Prelude to the First World War: The Balkan Wars 1912-1913 [Hooton]
Author: E.R. Hooton
The fuse to the First World War was lit in the Balkans where simmering hatreds exploded into violence. Like a string of firecrackers, these hatreds had been fueled by attacks on the Turkish Ottoman Empire in the previous few years. From 1911-1912, Italy seized Libya. In 1912, the Balkan states united to drive Turkey out of Europe in the First Balkans War, and in the following year in the Second Balkans War, turned on each other in a division of the spoils which allowed Turkey to retain a foothold in Europe.
This was a war of land campaigns, sea battles and amphibious operations in which the new military technology was first used.
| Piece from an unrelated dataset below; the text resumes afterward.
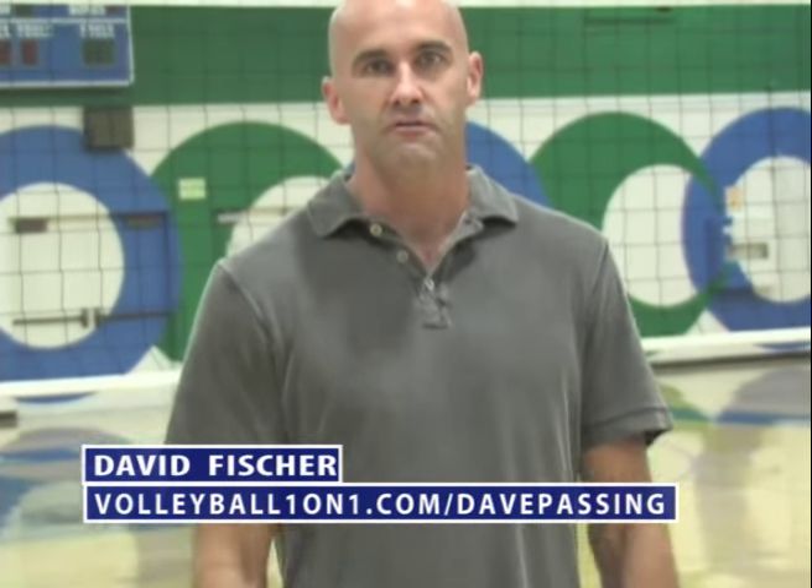To get all six of these passing videos on how to pass perfectly, go to VolleyballOneOnOne.com forward slash Dave passing.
Submarine and aircraft attacked ships, aircraft made reconnaissance flights and bombed troops while even electronic warfare was used. It also saw mirror images of the events in the First World War; Bulgarians driven from Salonika where an Allied army would later be contained and Turkish troops held back in the Dardanelles, their guns driving off a naval task force.
These now forgotten wars were the overture to the First World War and yet they have overtones a century later. The First World War saw echoes of these campaigns in Salonika and especially in the Dardanelles, while the ethnic tensions would erupt into further bloodshed after the Cold War ended as Yugoslavia collapsed during the 1990s.